O governo FHC inaugurou – e o governo Lula manteve – um discurso elegante sobre a relação com o Fundo Monetário Internacional (FMI), segundo o qual o Brasil construiria as negociações a partir de medidas engendradas pelo próprio País, em um respeitável “acordo de cavalheiros”. Mas um documento interno e confidencial do Fundo que descreve o acordo fechado nos últimos meses da administração de FHC, em 29 de agosto de 2002, pouco antes das eleições presidenciais, mostra que, entre quatro paredes, o tom em relação aos países à beira de uma crise de pagamentos externos é outro. Muito diferente do adotado nas cartas de intenções e memorandos que os países assinam para conseguir os empréstimos. O documento, obtido e divulgado pela Rede Brasil, uma rede de 64 ONGs dedicadas a monitorar os acordos com instituições como o FMI e o Banco Mundial, é uma comunicação sobre o acordo brasileiro para o conselho de diretores executivos que toca o dia-a-dia do Fundo.
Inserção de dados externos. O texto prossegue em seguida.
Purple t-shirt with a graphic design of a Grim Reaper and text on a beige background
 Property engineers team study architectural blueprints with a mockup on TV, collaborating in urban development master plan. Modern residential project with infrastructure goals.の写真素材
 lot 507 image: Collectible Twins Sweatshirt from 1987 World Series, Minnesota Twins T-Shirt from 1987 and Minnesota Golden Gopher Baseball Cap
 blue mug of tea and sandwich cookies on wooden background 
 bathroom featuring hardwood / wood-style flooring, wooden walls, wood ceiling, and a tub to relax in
Após uma referência aos memorandos com as regras e políticas que o governo brasileiro se dispôs a cumprir e aos valores a serem desembolsados (US$ 30 bilhões), o documento vai ao que realmente interessa ao Fundo: as situações em que os desembolsos serão suspensos e em que o País tem de prestar contas do que anda fazendo da política econômica. Tudo o que as autoridades brasileiras costumam desdenhar, a pretexto de que são normas de praxe, é tão precioso para o Fundo que está claramente explicitado. Além de metas econômicas, como o aperto fiscal, seguem-se nove situações que brecam a liberação do empréstimo. Por exemplo, mudanças na política cambial. O documento também lembra que o Brasil terá que se manter em “estreitas consultas” com o Fundo, e ainda providenciar informações sobre a execução do acordo, sempre que o diretor-geral do Fundo julgar “desejável”. Além disso, “de tempos em tempos”, o Brasil terá dar satisfações de sua política para as contas externas. Para o economista Marcos Faro, secretário executivo da Rede Brasil, há falta de transparência na negociação dos acordos: “O processo de negociação está baseado em uma legislação da ditadura que coloca tudo nas mãos do ministro da Fazenda, sem participação do Congresso.”